Really amazing! Maybe I should rethink much of my lighting in other tanks. I like plants like Rotala and hairgrass - I have heard these need stronger light - especially to get the pinks in the R. indica.


----------



## plantblr (Feb 27, 2007)

Hi Arul,
Sorry for the angry smiley(mistake) 

Ravi here from Bangalore.
1st of all Wish you a very Happy New Year .
I have a 50g El tank for more than a year now.For the past 2months or so I suddenly find that there is a lot of Green hair algae growing in many parts of my tank .Its growing on the wood,plants,on the substrate.....Every time I see that its grown too much,i manually remove it.Can you pls advice how this pain can be stopped once for all ?Its getting on my nerves....

>65W x 2 CFL Osram = 2.6wpg / 10hrs a day (No direct sunlight).
>Water changes : 50% change Once a month.
>No ferts dozed,no CO2. 
>Lot of fast growing plants like Vals,4 types of Crypts...lots...!!!,Nuphur Japonica,Amazon
swords,Redwater lillies.

The plant growth is really good.The Vals grow almost 1.5 to 2 feet every week covering the surface,Red water lillies shoot up a leaf to the surface atleast every alternate day,the crypts are almost taking over the tank.I trim them every week.

Below is a pic for your reference.


__
https://flic.kr/p/3212743854

Thanks in advance,
Ravi


----------



## arulnathan (May 24, 2005)

Hi Ravi,

Nice to see you here...

As as for the hair algae issue ...can occur in excess iron levels but in your case you are not dosing.

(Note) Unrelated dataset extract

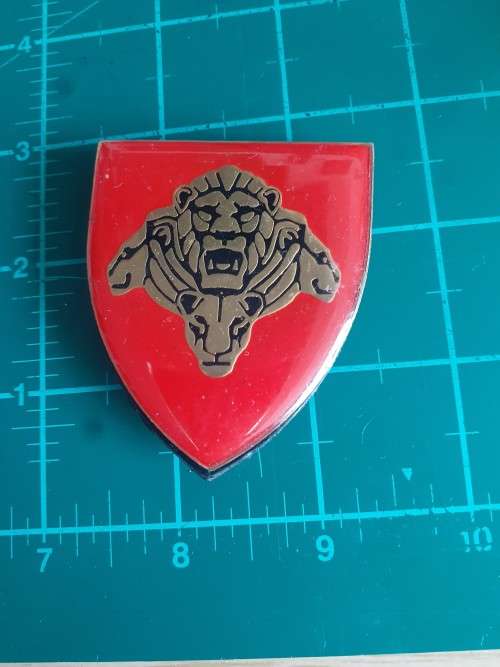 SA Army Pride of Lions metal flash, all pins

Well I think you should schedule weekly water changes and cut down your photoperiod for some time and check your feedings ...this should help.

- Nathan


----------



## gravy9 (Aug 28, 2008)

Any updates, Arul?


----------



## arulnathan (May 24, 2005)

Update after 10 Years. 2016 

(Diana Walstad method)

Once Pruned almost to the bottom in 2009, and they again grown back.
and Reduced the light to 0.5 watts (Just Two 2ft. Tubes - 20 watts each)


----------